These past couple of weeks of being sick have convinced me that there are definite minuses to cubicles. The prescence of six foot walls make it seem okay to cough, then hack, then even spit the product in a coke can. This is, though, a bad idea, as your other three cubicle buddies wish that someone would fire you quickly. Even if you're of perfectly good health, you probably think that you can have some private phone calls, which you may...but they will never be private. I know well that the girl across from me tells her father that she wishes she made more money. She never wanted that to get out, I don't think. On a serious note, though, I have a window into the fascinating life of the former golf caddie, who's my age as well (our cubicle sector is pretty much grouped by age). It's seriously different from my life.

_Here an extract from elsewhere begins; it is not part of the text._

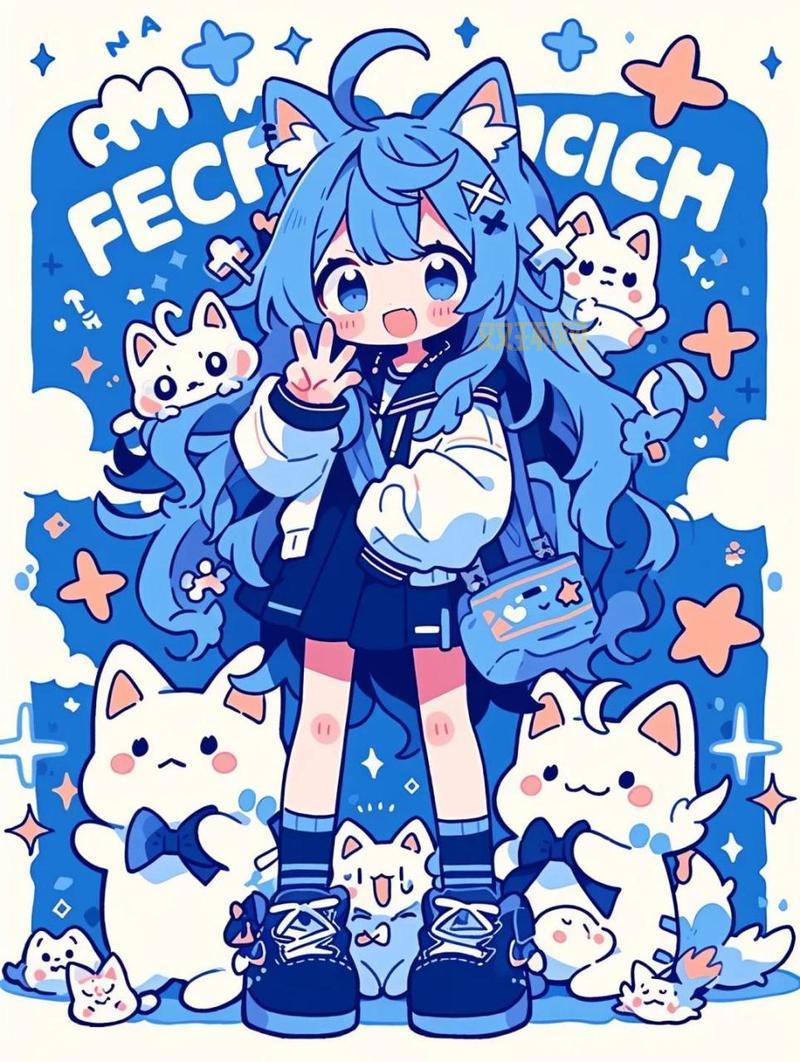 涂鸦女孩怎么配色好看？试试这几个配色方案！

Seeing this Kansan was a treat as we went right across the Hudson to Hoboken, NJ. I never had an idea of Hoboken, because unlike NYC and its outer boroughs, there were no sitcom families in NJ. The Sorpranos are somewhere in Jersey, but I don't have a television or cable, so I'm not paying extra for HBO (one of the few unchanging themes in my life). Hoboken has something about it that says "live here, enjoy yourself!" Apparently the downtown has more restaurants per capita than anywhere else, and it's true, you'd have an easier time finding indan food than a hardware store. One of the aspects of Hoboken that I liked is the same thing I liked about Brooklyn, you get more air space. The buildings don't rush up to the sky giving you only a feeling of being really walled in. Oh, being walled in is a part of NYC, especially if it isn't Greenwich Village, people say. It's cool, that's something that I've said in the past. There's a huge difference, though, between driving or walking around Manhattan and being astonished and waking up to only a morsel of sun because the building across the way blocks it. Then leaving your building and being confronted by the wall of 5 story facades all the way to the end of a long block. And that's not to mention midtown.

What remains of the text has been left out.